Thursday, December 10, 2009
It seems that there is only so long I can go without posting, writing, or somehow mentioning my beloved Koreatown. Readers should know by know that Ktown (as it is colloquially referred to as) is as good as it gets on the urban front here in LA. Not only is the densest of the city’s many nabes, it is the crown jewel with regards to its often maligned architecture. I mean, for an Angelino, Ktown has got it going on!
In a city so characterized by uninteresting sprawl and banal, suburban-esque developments, Koreatown, with its treasure trove of solid architecture, is something like a glimmering beacon of light. And even though its architecture quite literally spans the whole spectrum, I find much of the neighborhood to be stuck in a particularly romantic era: 1925. I know I’m getting carried away a bit, but it’s almost as the neighborhood is one giant prop for the Great Gatsby. The buildings, with their intricate detail and old-world grandeur and opulence, definitely bespeak of a bygone era.
This area I’m talking about, New Hampshire and 5th, is one of many stuck in a 1920s timewarp. Anchored on one end is a prominent former Jewish temple – now a Korean Presbyterian Church – done in a splendid Mediterranean-influenced style of Art Deco. The other is a favorite building of mine, a gorgeous 1925 Neo-Classical mid-rise. I tell you, there’s something special about the balconies on it, man. Though balconies aren’t used much around these parts, during the sweltering-hot summers, it is not at all uncommon to see men perched on such balconies, wearing nothing but a wife-beater (literally, lol), enjoying a smoke in the cool evening breeze.
These kind of buildings, with their rich history only exemplify my previously-stated opinion that LA is a true polyglot city; one that is in constant flux. And amidst the architectural diversity is something I find very LA: the fact that no singly style prevails over another or really dominates the area – that ties into the whole polyglot theme. Kinda how the “Korea” in the Koreatown name is almost an anomaly, with the some 60% of the nabe being Hispanic (which is diverse in and of itself), but also having visible Bengali, Black, Filipino, Vietnamese and White populations.

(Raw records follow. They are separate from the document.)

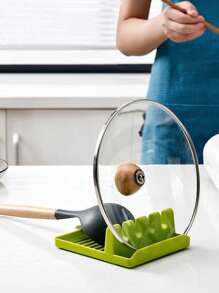 Rejilla multifuncional de cocina para almacenar utensilios - Estante de apoyo para espátulas, cucharas, palillos, tapas de ollas, tapas y platos. Organizador de cocina esencial para el hogar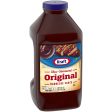 Kraft Original Slow-Simmered Barbecue BBQ Sauce, 82.5 oz Bottle Supply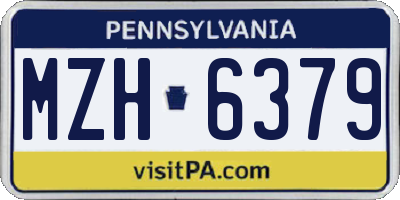 PA license plate MZH6379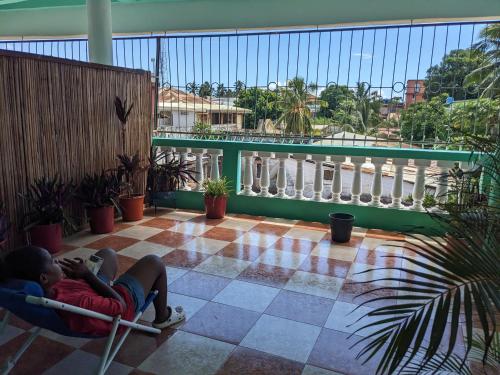 Balcony/terrace, Le DIEGO Hotel in Diego Suarez Balcony/terrace, Le DIEGO Hotel in Diego Suarez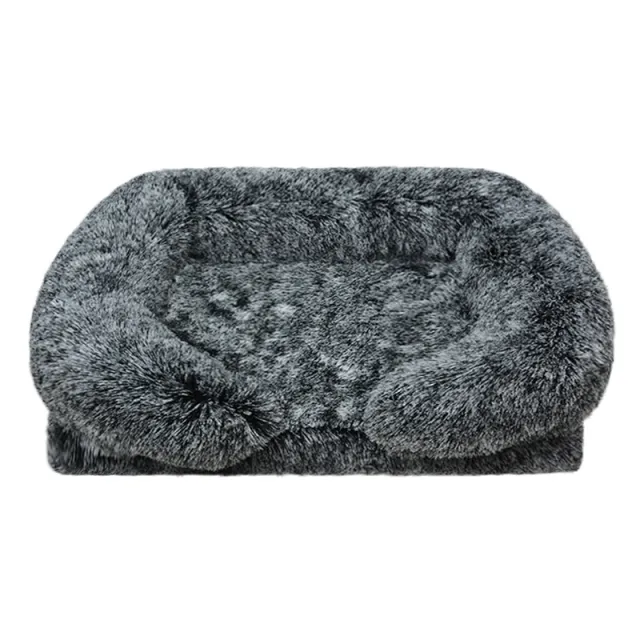 Removable And Washable Square Pet House Pet Bed Gradient Black - Shop at LoveMi
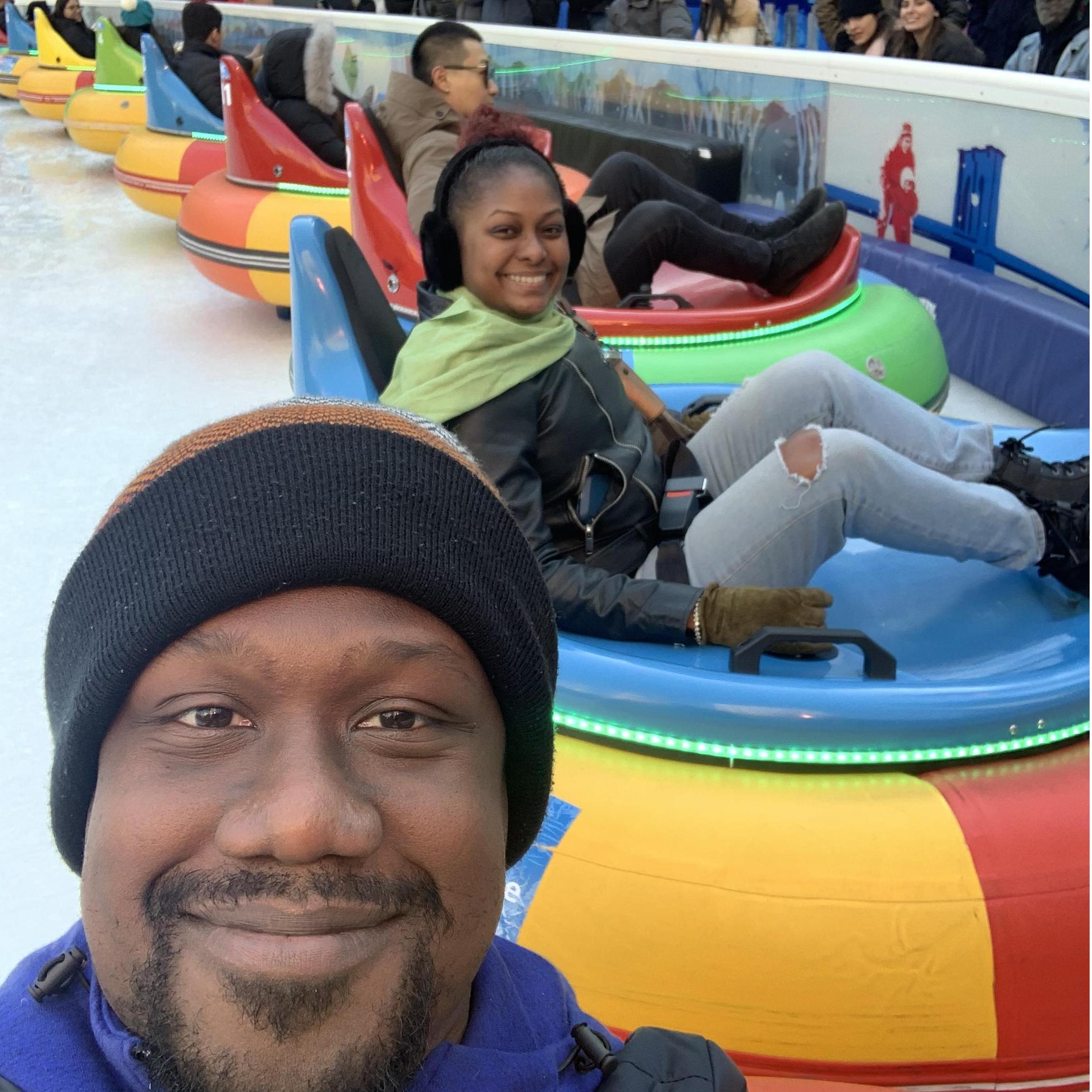 Bumper Cars on Ice in Bryant Park? Why not! According to Nicole's mom, any guy who is willing to do that nonsense, is here to stay.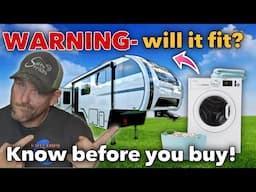 RV washer dryer combo full install, best vented RV W/D Combo! #rvlife #rvlifestyle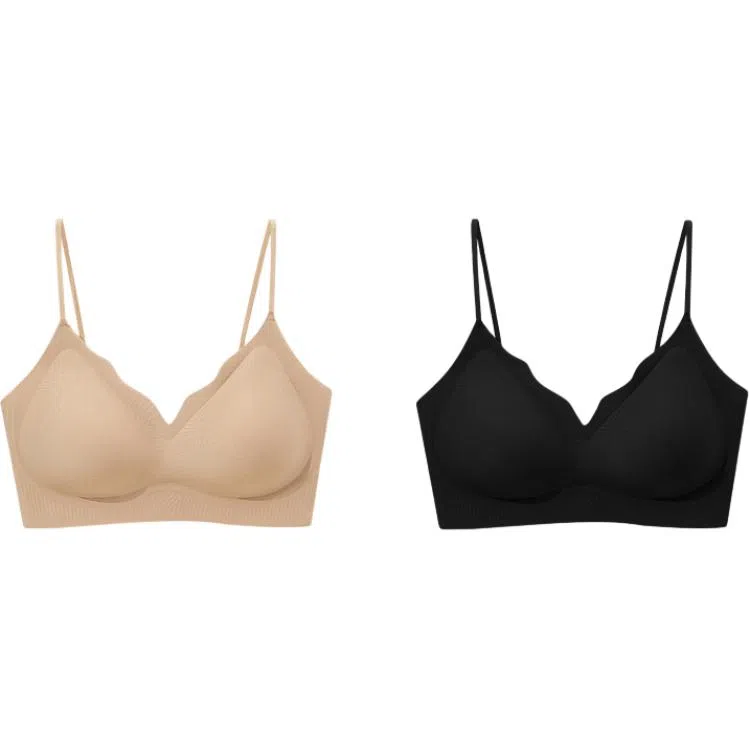 欧迪芬 薄款大胸显小软支撑文胸 女款 组合装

Which reminds me, the whole Mid-Wilshire (along with Boyle Heights) was once Jewish. But that, too, changed as Jews attained affluence and sought new digs in locales such as the Fairfax District, Pico-Union and parts of the (Southern) San Fernando Valley such as North Hollywood and locales along Ventura Blvd. Case in point, the current location of the aforementioned temple is on a high-rise studded section of Wilshire Blvd in West LA often called the “Golden Mile.”
The architecture, on average, is from the 1920s-1940s (i.e pre-war in nature), and tend to be hallmarks of a time from when the nabe was once one of the ritziest in LA. Much of it is from the same era when women wore white gloves to catch the trolley and donned Channel suits meeting acquaintances for lunch at the park. The surrounding blocks are largely made up of low-slung French-Normandy houses, amongst other 1920s Colonial Revival styles. Also in the mix is a good-sized contingent of rather unattractive 1970s multifamily units, too. Regardless, the neighborhood in its current state is, uh, quite “different,” to say the very least.
Ktown, with its numerous personalities, colorful history, and extremely multifaceted nature, is a very LA neighborhood. Marked by no shortage of diversity and practically lurking with both intrigue and character, is is to no surprise that I count it among my favorites. And as far as urbanity in LA goes, having some of the densest census tracts outside of Manhattan, and one of the best collection of 1920s-1940 architecture in the Sunbelt, it should be a no-brainer.